Não era concebível, por outro
lado, que o Brasil se fechasse num
mutismo de pretensa neutralidade. Afinal, ninguém escolhe sua
geografia, e a Argentina continuaria a ser o nosso principal vizinho. Acabávamos de sair do
prolongado e desgastante litígio
sobre os rios internacionais da
bacia do Prata, com a assinatura,
em fins de 1979, do Acordo Tripartite Argentina-Brasil-Paraguai. Ainda convalescíamos dessas feridas, que, de vez em quando, ocasionavam reclamações sobre o enchimento do reservatório
de Itaipu. A opinião portenha certamente jamais nos teria perdoado se nos tivéssemos mantido impassíveis na sua hora de perigo.

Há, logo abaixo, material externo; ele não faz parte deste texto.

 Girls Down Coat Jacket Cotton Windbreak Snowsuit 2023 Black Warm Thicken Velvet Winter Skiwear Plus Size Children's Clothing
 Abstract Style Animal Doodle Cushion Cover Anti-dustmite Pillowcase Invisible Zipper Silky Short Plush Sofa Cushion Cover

Como chefe do Departamento
das Américas, eu era, na época,
um dos últimos representantes de
longa linha de diplomatas formados no trato dos assuntos do Prata -Argentina, Uruguai, Paraguai, Bolívia-, complementado
pela experiência direta nesses
países e nos do norte da América
do Sul. O mestre insuperável de
todos nós havia sido meu querido
chefe e imediato predecessor, o
embaixador João Hermes Pereira
de Araújo, cuja cultura histórica e
tino diplomático só encontram
paralelo no seu conhecimento da
arte da era da Colônia e do Império. A ele devia-se a redescoberta,
em livro argentino, de episódio
sepultado no olvido dos arquivos.
Pouco depois do desembarque inglês nas Malvinas, o governo da
Província de Buenos Aires, em
nome da Confederação Argentina, passara nota ao Brasil relatando o fato e pedindo apoio.

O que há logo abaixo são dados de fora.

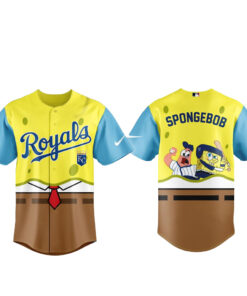 Unisex Kansas City Royals SpongeBob Night Graphic Baseball Jersey 2026 for Baseball Fans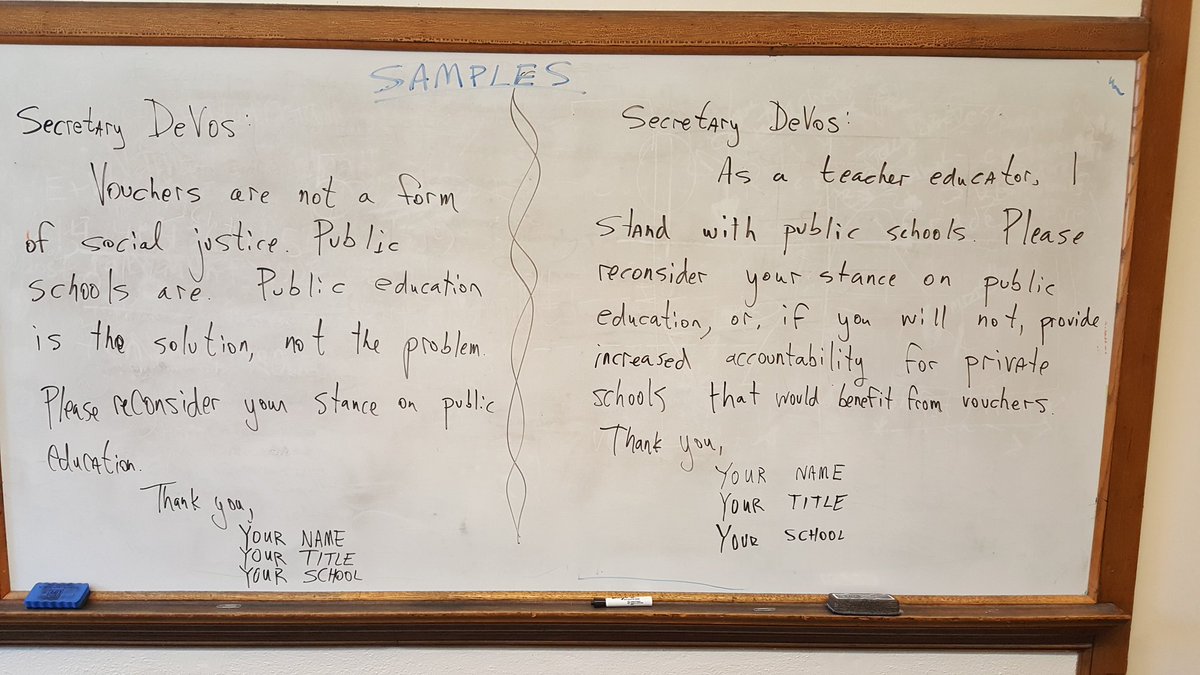 KristenSuchor's tweet photo. Postcard written to Sec DeVos.#publiceducation #novouchers  @CEEsocialjstce #CEE17 https://t.co/AUqjwtoLD6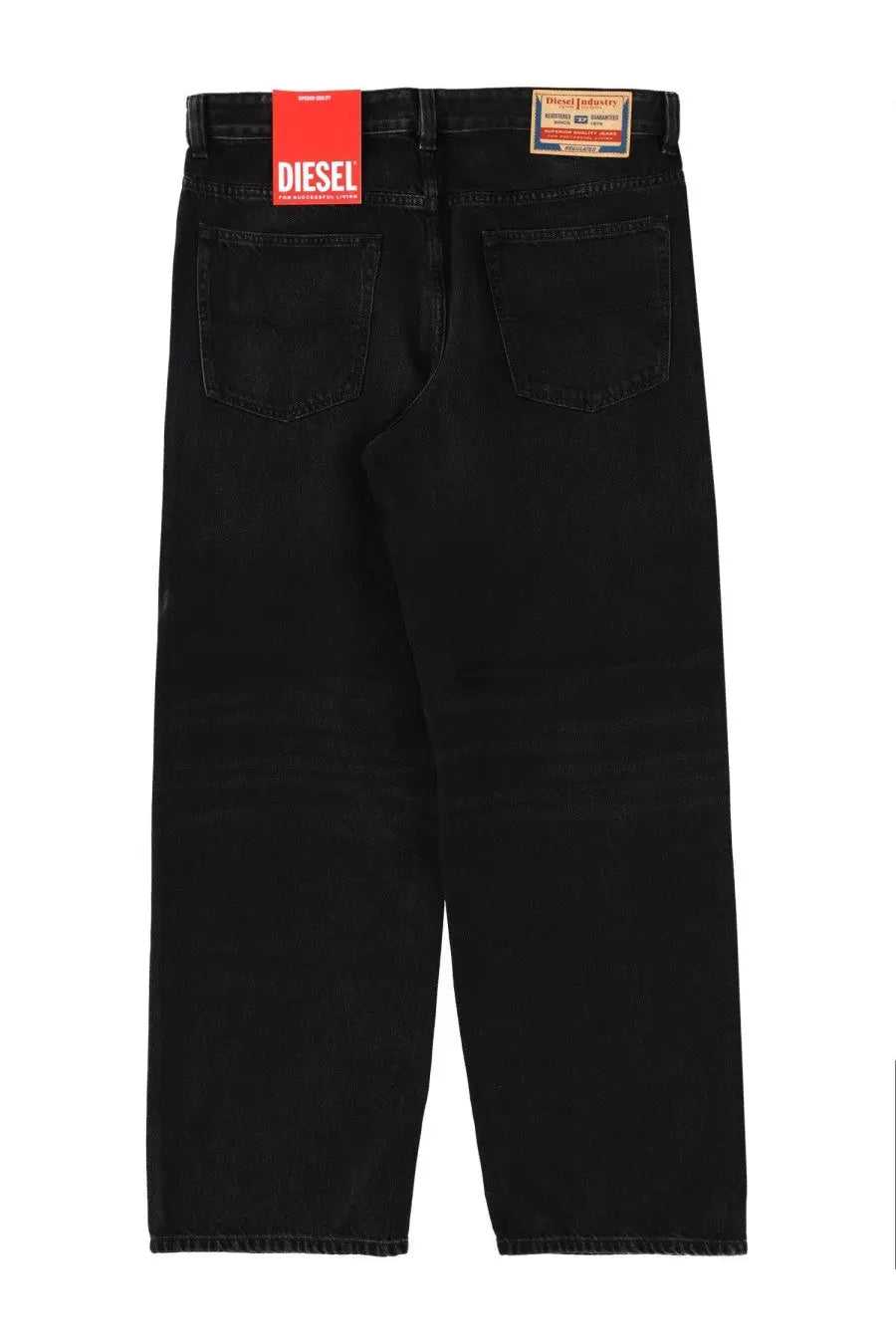 Diesel men’s macro jeans black straight-leg black denim jeans with red Diesel brand tag on the waistband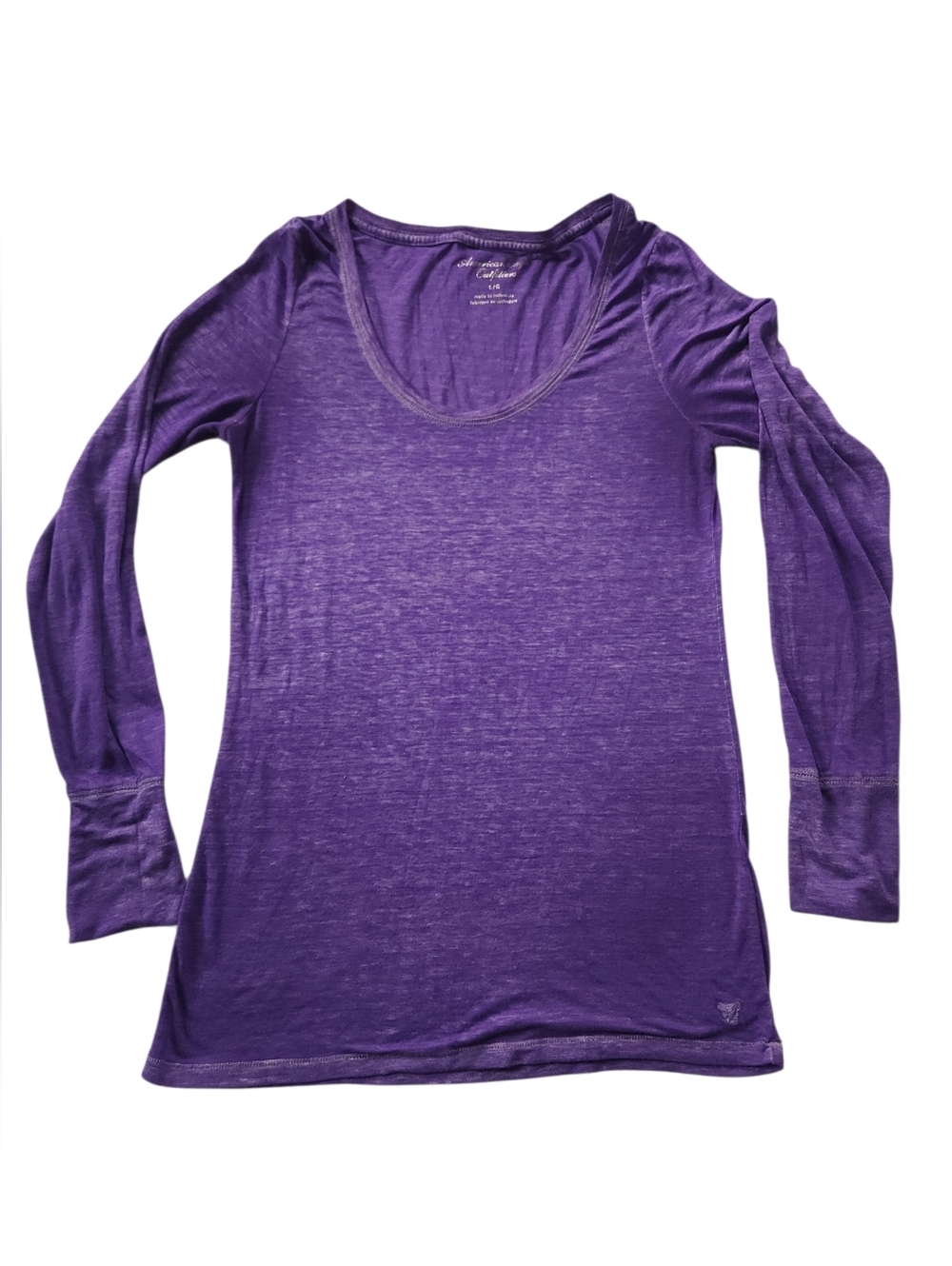 2010s American Eagle Purple Burnout Long Sleeve Scoop Neck Top SZ L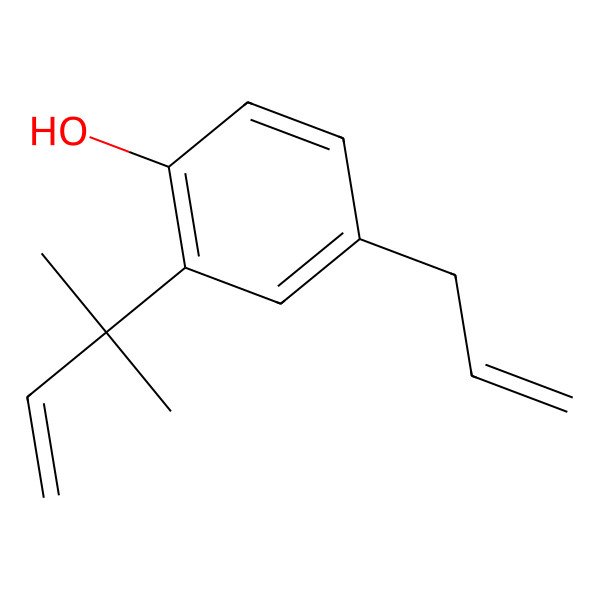 2D Structure of 2-(2-Methylbut-3-en-2-yl)-4-prop-2-enylphenol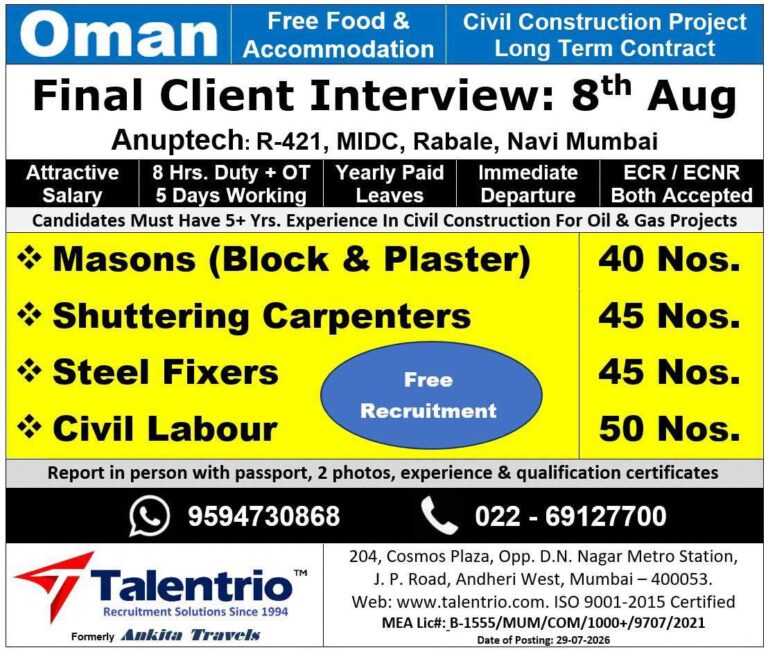Oman Civil Construction Jobs – Urgent Hiring at Talentrio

Apesar da lentidão das comunicações marítimas de então e de
que tudo se dera quando estavam
ainda frescas as memórias da
Guerra da Cisplatina, o ministro
de Estrangeiros, filho do visconde
de Cayru, respondeu, em poucas
semanas, que o governo da Regência enviaria instruções a seu
representante em Londres para
"coadjuvar" os esforços argentinos na questão.

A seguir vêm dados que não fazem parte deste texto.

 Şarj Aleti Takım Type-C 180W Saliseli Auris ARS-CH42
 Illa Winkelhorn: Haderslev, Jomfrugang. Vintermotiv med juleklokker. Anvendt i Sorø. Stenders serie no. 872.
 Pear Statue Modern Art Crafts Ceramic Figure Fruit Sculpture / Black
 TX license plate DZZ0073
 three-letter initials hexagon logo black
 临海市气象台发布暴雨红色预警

Esse precedente foi levado ao
conhecimento de quem saberia
fazer dele o melhor uso possível,
um dos grandes chanceleres que
tivemos, o embaixador Ramiro
Saraiva Guerreiro, internacionalista de primeira ordem, analista
político perspicaz e seguro, com a
vantagem de temperamento que
caberia na descrição que fez Cotegipe de seu distante parente, o
Conselheiro Saraiva: "Um baiano
fleumático". Armado dessa fleuma, recém-desembarcado de viagem à Europa, Guerreiro definiu,
no aeroporto, a posição brasileira
em termos irretocáveis. O Brasil,
desde 1833, fora o primeiro país a
reconhecer os direitos da Argentina. Quanto aos meios e à oportunidade de fazer valer tais direitos,
era outra história. Do começo ao
fim da guerra, que envolveu para
nós incidentes complicados com
aeronaves e navios de guerra britânicos, mantivemos com equilíbrio posição de ativo envolvimento em favor da Argentina, que nos
valeu sermos escolhidos para representar os interesses portenhos
em Londres, enquanto durou a
ruptura entre as duas nações.
A evocação dessa nota de pé de
página da história, já com 22
anos, vem a propósito de outro
exemplo mais recente, merecedor
de solidariedade igual ou maior,
mas no qual, em contraste, não
temos estado em uma de nossas
melhores horas. A intrincada negociação em que se empenha a
Argentina para sair da moratória
na qual a precipitou a catástrofe
de 2001 vem despertando nas autoridades financeiras brasileiras
reações que vão da frieza e da indiferença a um apoio minimalista e formal, apenas para poder dizer com a ponta dos lábios que
não ficamos do lado dos credores,
como às vezes dá a impressão. A
desculpa é evitar o contágio, não
criar pretexto para que os temidos mercados venham a pensar
que estamos freqüentando más
companhias. Ora, é óbvio que as
duas situações não podiam ser
mais diferentes: uma é de moratória, a outra não. Seria até irônico que aqueles que acham o mercado inigualável para tomar decisões acertadas o julgassem capaz de tão estúpida confusão.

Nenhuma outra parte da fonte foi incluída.